À medida que o descontentamento dos uigures em relação ao governo chinês torna-se cada vez mais violento em Xinjiang, essa abordagem propagandista da história local se torna ainda mais importante. Ao longo do último ano, ao menos 200 pessoas foram mortas na região, inclusive muitos hans, assassinados pelo que o governo chama de "terroristas", embora muitos dos mortos sejam uigures, assassinados em circunstâncias obscuras.
Em momentos como estes, parece que Iparhan é tudo o que a China precisa. Embora a história de Iparhan, conhecida pelos chineses como Xiangfei, ou Concubina Cheirosa, se popularizou na primeira metade do século XX, sofreu modificações significativas por parte dos historiadores do partido. A maioria tenta transformá-la em um símbolo da longa amizade entre hans e uigures, cuja cultura centro-asiática, a fé muçulmana e a língua de origem turca os tornam tão diferentes dos hans.
Versos mais antigos da história mostram Xiangfei como uma bela desafiadora, capturada por Qing durante uma batalha, que mantinha adagas escondidas em suas mangas e que se manteve casta até o fim, quando foi morta pelos eunucos do palácio, ou foi forçada a cometer suicídio.
Porém, essa história foi substituído por um conto romântico com final feliz.
Atualmente, Xiangfei é tema de poemas, peças e programas de TV, além de ser o nome de uma cadeia de restaurantes de frango assado e de uma linha de perfumes.
Os propagandistas do partido são especialmente atraídos por personagens femininas que participaram de grandes lutas de poder envolvendo regiões conflituosas nas margens do antigo império chinês.
No Tibet, a personagem é Wencheng, uma princesa chinesa do século VII que, de acordo com o folclore, foi um presente que selou a paz com um violento rei tibetano.
Para a consternação de muitos tibetanos, a princesa Wencheng costuma ser exibida como a responsável por pacificar o Tibet e introduzir na região as avançadas práticas agrícolas e de tecelagem da China, bem como o budismo e até mesmo o alfabeto tibetano. Entretanto, alguns historiadores questionam a existência de Wencheng.
Tsering Woeser, escritora tibetana, afirmou que ficou assustada com as mensagens que exibiam o povo tibetano como selvagens que precisavam de civilização.

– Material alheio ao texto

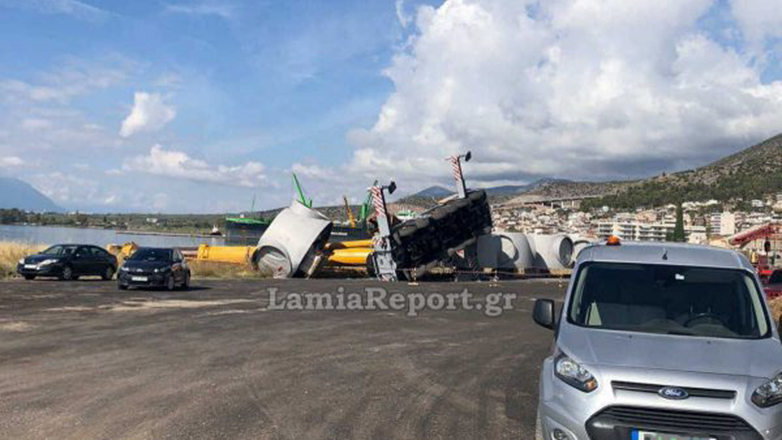 Στυλίδα: Ανατροπή γερανού που σήκωνε ανεμογεννήτριες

Muitos uigures acham a versão popularizada de Xiangfei assustadora, embora sua ira geralmente seja direcionada à apropriação do Mausoléu de Afaq Khoja um santuário sagrado para os sufis, onde um clã que dominou a região de Kashgar está sepultado e sua transformação em uma espécie de cidade cenográfica para a fábula chinesa.
Rian Thum, professor de história uigur na Universidade Loyola de Nova Orleans, afirmou que o governo chinês foi bem sucedido em sua tentativa de moldar a forma como hans e uigures veem o templo, especialmente no que diz respeito a sua associação com os khojas, que combateram os ocupantes qing e estabeleceram um Estado independente por um curto período em meados do século XIX.
"Em seu favor", afirmou, "o governo apropriou-se de um símbolo da resistência uigur e o transformou em veículo para a mensagem que deseja transmitir".